=== Begin Enclosure ===

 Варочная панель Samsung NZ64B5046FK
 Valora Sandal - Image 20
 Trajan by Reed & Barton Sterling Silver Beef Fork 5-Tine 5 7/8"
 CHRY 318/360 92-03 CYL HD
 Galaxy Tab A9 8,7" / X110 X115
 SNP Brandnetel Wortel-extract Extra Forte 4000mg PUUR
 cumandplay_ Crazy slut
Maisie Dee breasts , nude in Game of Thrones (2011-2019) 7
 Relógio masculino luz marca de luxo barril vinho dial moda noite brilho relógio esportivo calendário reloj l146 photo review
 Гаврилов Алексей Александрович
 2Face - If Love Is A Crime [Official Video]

=== End Enclosure ===
=== Begin Enclosure ===

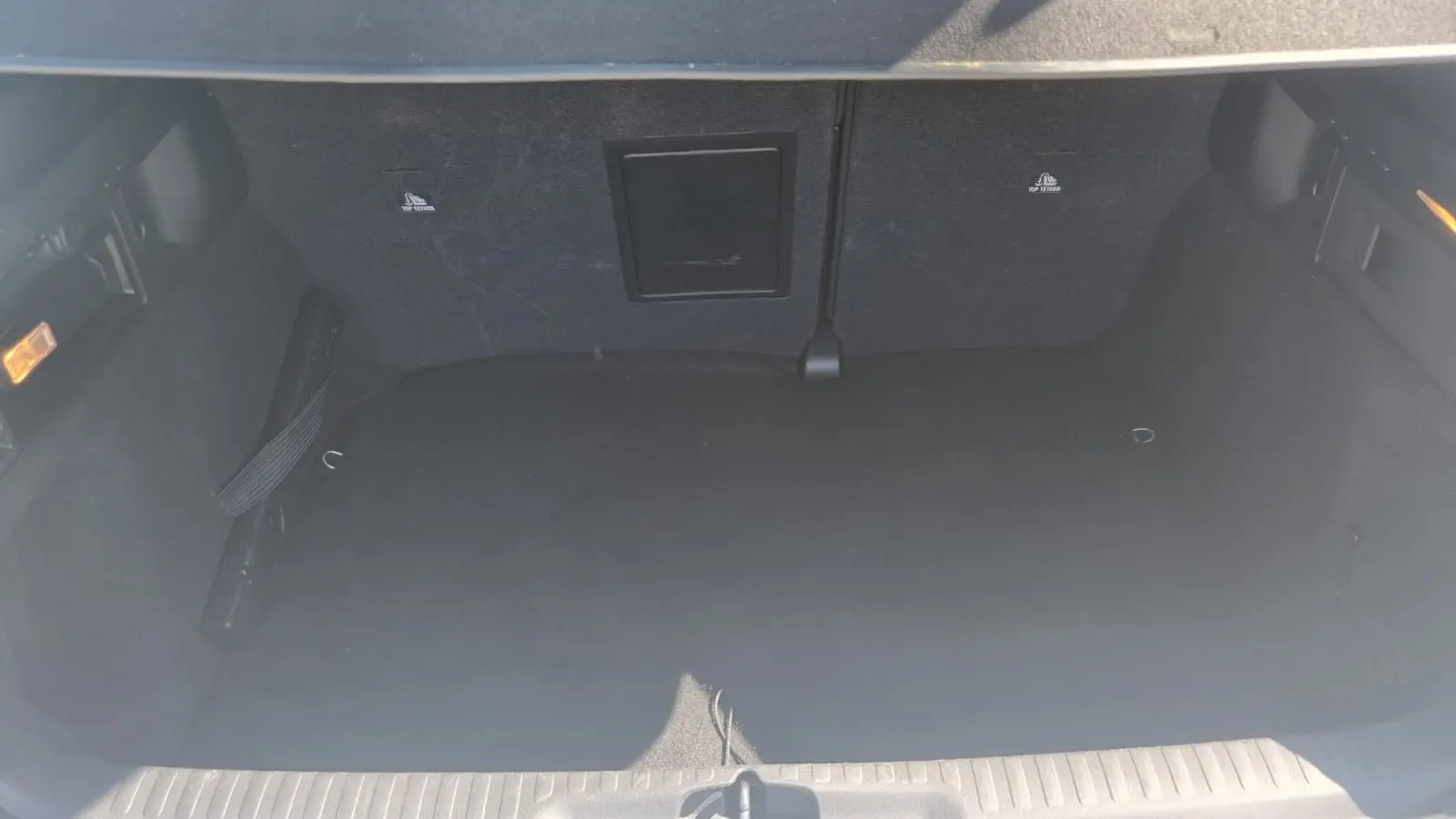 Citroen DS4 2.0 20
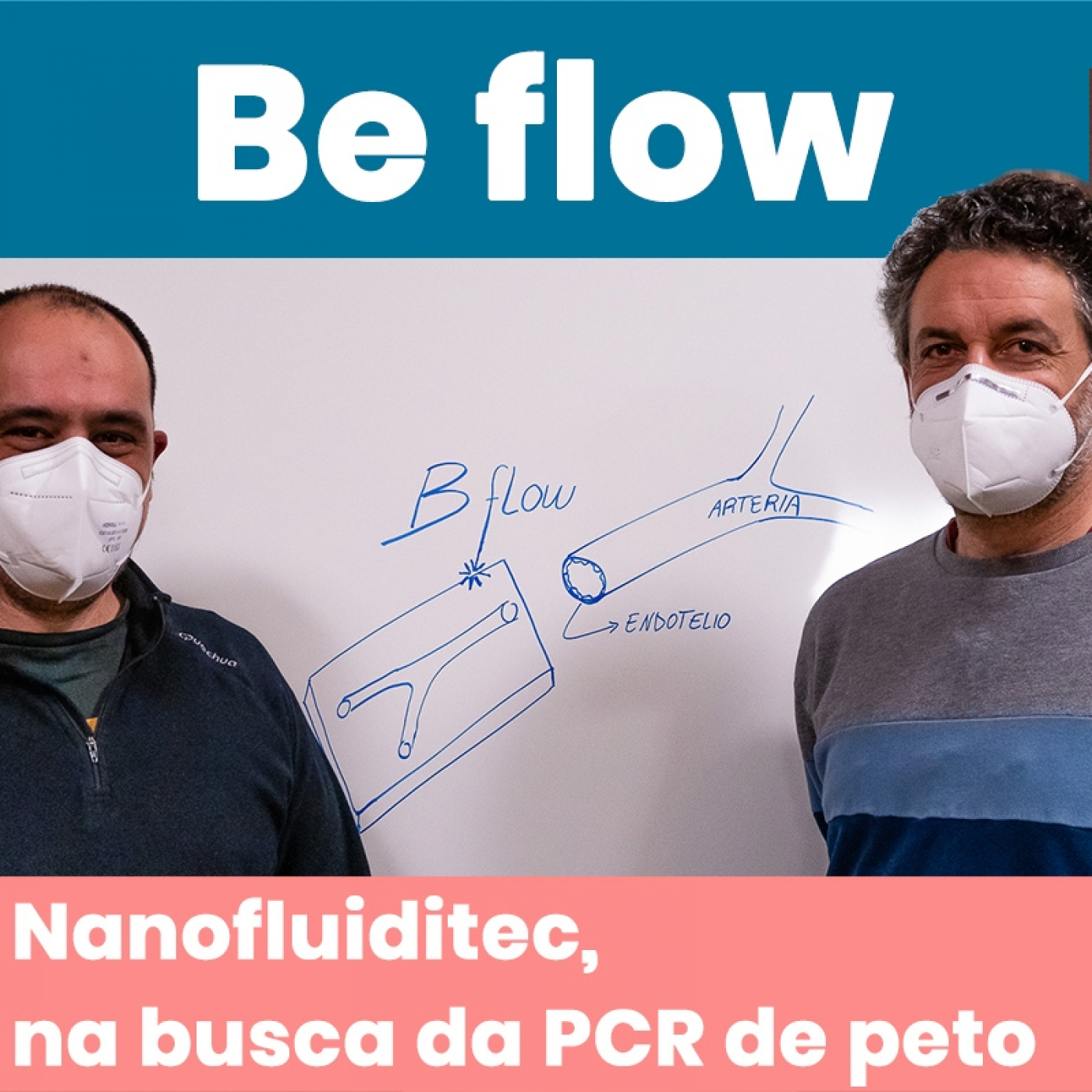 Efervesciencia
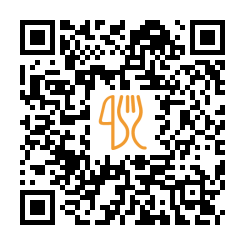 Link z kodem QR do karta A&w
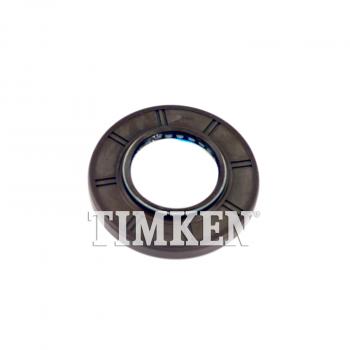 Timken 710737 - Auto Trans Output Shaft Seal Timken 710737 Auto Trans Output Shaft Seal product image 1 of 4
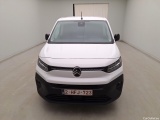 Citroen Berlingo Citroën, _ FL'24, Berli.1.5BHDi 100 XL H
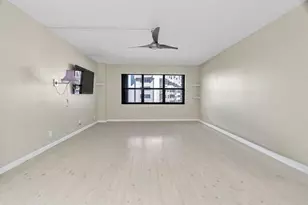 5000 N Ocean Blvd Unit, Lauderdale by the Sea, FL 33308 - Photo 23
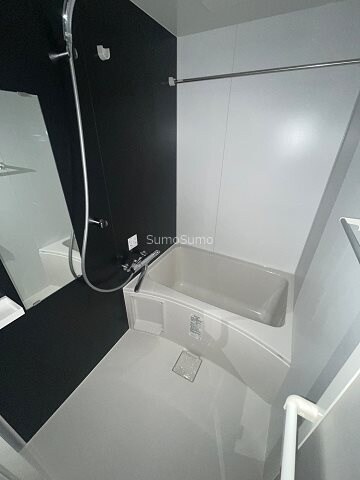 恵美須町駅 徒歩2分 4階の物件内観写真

=== End Enclosure ===

● ACTIVITY: Working from the entries above, reproduce exactly and only the lines beginning with the line that has "Citroen DS4 2.0 20" and ending with the line that has "恵美須町駅 徒歩2分 4階の物件内観写真"; omit all pictures.

● PROBLEM SOLUTION:
 Citroen DS4 2.0 20
 Efervesciencia
 Link z kodem QR do karta A&w
 Timken 710737 - Auto Trans Output Shaft Seal Timken 710737 Auto Trans Output Shaft Seal product image 1 of 4
 Citroen Berlingo Citroën, _ FL'24, Berli.1.5BHDi 100 XL H
 5000 N Ocean Blvd Unit, Lauderdale by the Sea, FL 33308 - Photo 23
 恵美須町駅 徒歩2分 4階の物件内観写真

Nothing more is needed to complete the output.